美咲の能力発動

 ここは山に設置された祭壇がある場所。この場所には美咲が居て祭壇に寝かされている。

 そこに龍神が、スッと降り立った。そして地を踏み均し轟音と共に美咲のそばまでくる。


「ほう、これは中々育っておるな。匂い……この国の者ではないのか?」


 美咲を見下ろし龍神はそう言い首を傾げた。


「まあいい……喰ってしまえば同じこと」


 そう言い龍神は美咲を掴もうと手を伸ばす。

 美咲は轟音とその声を聞き何が起きたのかと目覚める。すると眼前に竜が居て驚いた。

 そう美咲の目の前には数十メートルもの巨体の竜が居て自分を掴まえようとしていたからである。


「ど、ドラゴン…………いやあぁぁあああー……」


 余りの怖さにそう叫び美咲は両手を龍神へと向けた。すると両手が発光し展開される魔法陣。そして魔法陣が、パッと光った。それと同時に光線が放たれる。


「クッ……こ、これは!?」


 そう叫び逃げようとするも時すでに遅し……その光線を真面に受け龍神は苦しがった。


(こ、この能力は……この女は異世界の者なのか? そのことは……あとでいい。それよりも…………この状況をどうにか……しないと共倒れだ)

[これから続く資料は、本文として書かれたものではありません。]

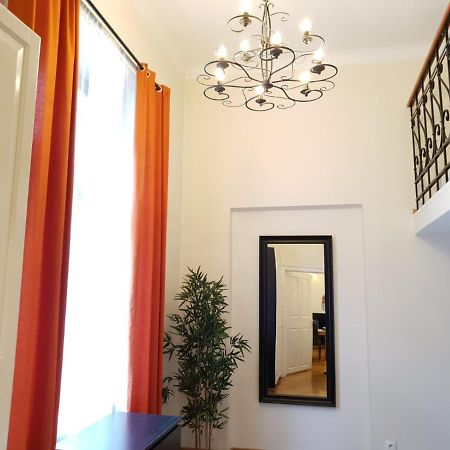 Golden Apartments With Lift - Old Town Krakow Exterior photo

 龍神はこの状況を、どうしたらいいかと思考を巡らせる。

 このままでは美咲に吸収されてしまう。いや、それだけではない。体内に吸収されたと同時に美咲が龍神の能力に耐えられず自分も一緒に消滅してしまうからだ。


「おい! 聞こえてるか?」


 苦しみながらも龍神は美咲にそう問いかけた。


「な……に……ああああああ――……」


 美咲は龍神を体内に吸収しようとしていたため膨大なエネルギーに耐えられず苦しんでいる。


(これは……まずいな。この状況では仕方ないか)


 そう考え「ビマノエヒミ!!」と呟いた。

 すると周辺が白黒に覆われ静止する。


 “おい女、聞こえているか?”

 “えっ? これって、どういう事なの……私は確か”

 “今は時間を止めて、お前の意識に話かけている”


 それを聞き美咲は納得した。


 “それで話ってなんなの?”


 そう問われ龍神は今の状況を説明したあと提案をする。


 “契約をすれば……それで私と、あなたも助かる”

 “助かる。だが、どうなるかは分からん”

 “どういう意味? 助かるのに、どうなるか分からないって……変だよね?”


 不思議に思い美咲は、そう問いかけた。


 “うーむ……説明不足か。契約をしたあと、お前は我を吸収する”

 “それって、どういう事なの?”

 “吸収はする。しかし契約をしたことにより我は、お前にかかる負担を減らすことが可能だ。ただし……どれだけ負担を減らせるかは分からぬ。故に、どうなるか分からん”


 それを聞き美咲は悩んだ。だが助かる方法がこれしかないと思い頷いた。


 “助かるなら……どんな苦しみでも堪えるわ”

 “それでいい。では契約をする前に名前を聞いておこう”


 そう言われ美咲は自分の名前を名乗る。


 “ミサキか、我も名乗らねばな。我は龍神バウギロスだ”

 “犬みたいな名前……まあいいか。それはそうと早く契約しよう”


 それを聞きバウギロスが契約の仕方を説明して、それを美咲は聞いていた。